El padre Juan Pequeño pensó: «Tengo que ser igual que los ángeles, que no hacen nada, y viven contemplando la gloria de Dios.» Aquella noche, abandonó el monasterio de Sceta y se fue al desierto. Una semana después, volvió al convento. El hermano portero lo escuchó llamar a la puerta, y preguntó quién era. -Soy el padre Juan -respondió-. Tengo hambre. -No puede ser -dijo el hermano portero-. El padre Juan está en el desierto, convirtiéndose en ángel. Ya no tiene hambre, y no necesita trabajar para mantenerse. -Perdona mi orgullo -respondió el padre Juan-. Los ángeles ayudan a los hombres. Ése es su trabajo, y por eso contemplan la gloria de Dios. Yo puedo contemplar la misma gloria, haciendo mi trabajo diario. Oyendo las palabras de humildad, el hermano portero abrió la puerta del convento.

De todas las poderosas armas de destrucción que el hombre ha sido capaz de inventar, la más terrible, y la más cobarde, es la palabra. Los puñales y las armas de fuego dejan vestigios de sangre. Las bombas hacen temblar edificios y calles. Los venenos acaban siendo detectados. Dice el maestro: La palabra consigue destruir sin pistas. Niños condicionados durante años por los padres, hombres criticados sin piedad, mujeres sistemáticamente humilladas por comentarios de sus maridos. Fieles alejados de la religión por aquellos que se juzgan capaces de interpretar la voz de Dios. Intenta ver si tú estás utilizando esta arma. Intenta ver si estás utilizando esta arma contra ti mismo. Y no permitas ninguna de las dos cosas.

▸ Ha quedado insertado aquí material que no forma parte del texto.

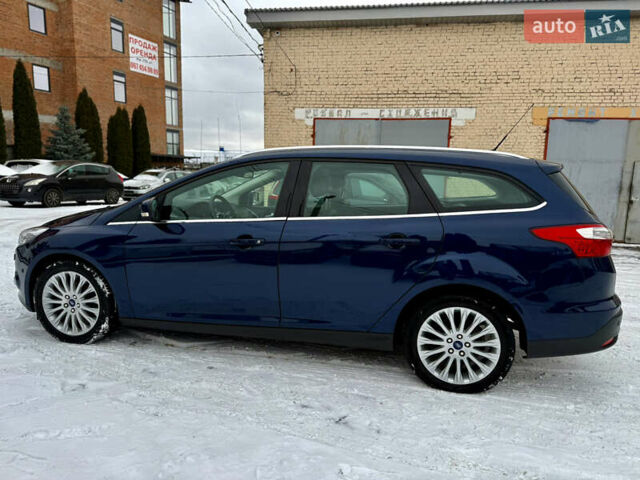 Синій Форд Фокус, об'ємом двигуна 1 л та пробігом 106 тис. км за 5499 $, фото 9 на Automoto.ua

Williams intenta describir una situación muy curiosa: «Vamos a imaginar que la vida es perfecta. Estás en un mundo perfecto, con personas perfectas, que tienen todo lo que quieren, en el que todo el mundo lo hace todo correctamente, en el momento oportuno. En este mundo tienes todo lo que deseas, sólo lo que deseas, exactamente como lo soñaste. Y puedes vivir cuantos años quieras. «Imagina que, después de cien o de doscientos años, te sientas en un banco inmaculadamente limpio, ante un paisaje magnífico, y piensas: "¡Qué aburrido! ¡Falta emoción!"»En ese momento, ves un botón rojo delante de ti, que dice: "¡SORPRESA!" «Después de considerar todo lo que esta palabra significa, ¿pulsas el botón? ¡Claro! Entonces entras por un túnel negro, y sales al mundo en el que estás viviendo en este momento.»

Una leyenda del desierto cuenta la historia de un hombre que iba a mudarse de oasis, y comenzó a cargar su camello. Puso encima de él las alfombras, los utensilios de cocina, los baúles de ropa, y el camello lo aguantaba todo. Al salir, se acordó de una linda pluma azul que su padre le había regalado. Decidió cogerla, y la puso sobre el camello. En ese momento, el animal se derrumbó con el peso, y murió. «Mi camello no aguantó el peso de una pluma», debió de pensar el hombre. A veces pensamos lo mismo de nuestro prójimo, sin entender que nuestra broma puede haber sido la gota que colmó el vaso del sufrimiento.